Ding Ye, Chan Chi Yu, Lawrence Charles E
Bioinformatics Center, Wadsworth Center, New York State Department of Health, Albany, NY 12208, USA.
RNA. 2005 Aug;11(8):1157-66. doi: 10.1261/rna.2500605.
Prediction of RNA secondary structure by free energy minimization has been the standard for over two decades.
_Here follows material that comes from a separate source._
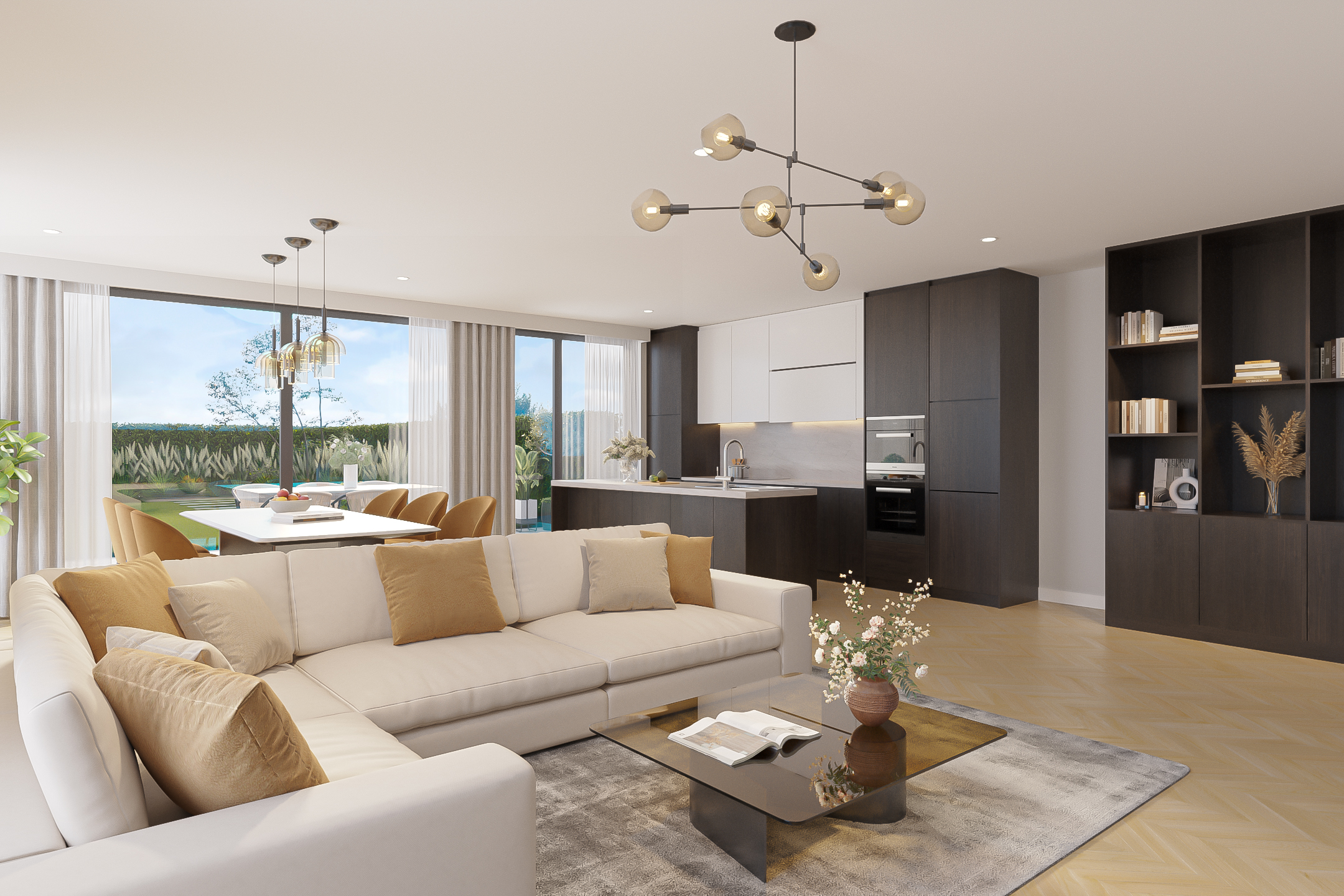 Unieke ruime nieuwbouwwoning op toplocatie te Opglabbeek - foto 4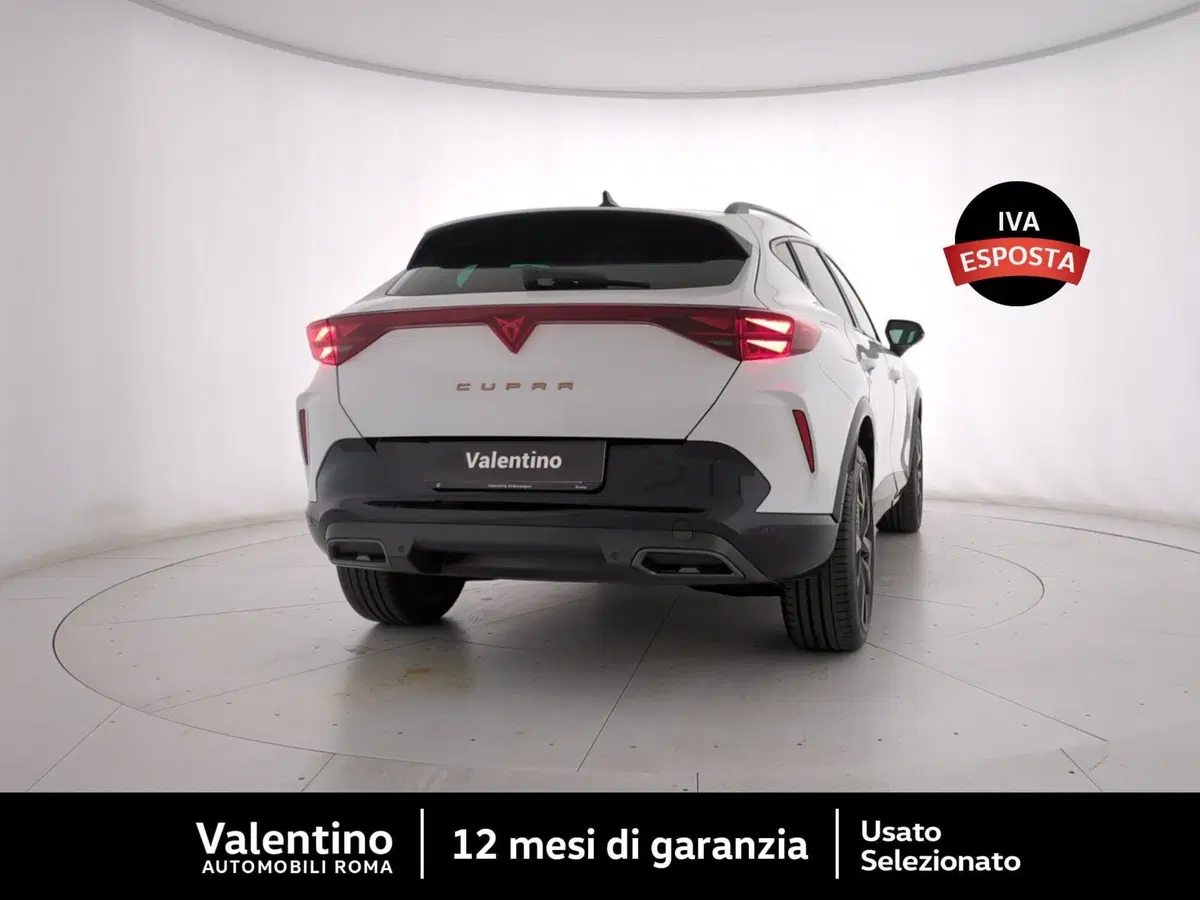 Cupra Formentor usata a Roma (3)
Here we describe a novel method that forsakes this paradigm for predictions based on Boltzmann-weighted structure ensemble. We introduce the notion of a centroid structure as a representative for a set of structures and describe a procedure for its identification. In comparison with the minimum free energy (MFE) structure using diverse types of structural RNAs, the centroid of the ensemble makes 30.0% fewer prediction errors as measured by the positive predictive value (PPV) with marginally improved sensitivity. The Boltzmann ensemble can be separated into a small number (3.2 on average) of clusters. Among the centroids of these clusters, the "best cluster centroid" as determined by comparison to the known structure simultaneously improves PPV by 46.5% and sensitivity by 21.7%. For 58% of the studied sequences for which the MFE structure is outside the cluster containing the best centroid, the improvements by the best centroid are 62.5% for PPV and 31.4% for sensitivity. These results suggest that the energy well containing the MFE structure under the current incomplete energy model is often different from the one for the unavailable complete model that presumably contains the unique native structure. Centroids are available on the Sfold server at http://sfold.wadsworth.org.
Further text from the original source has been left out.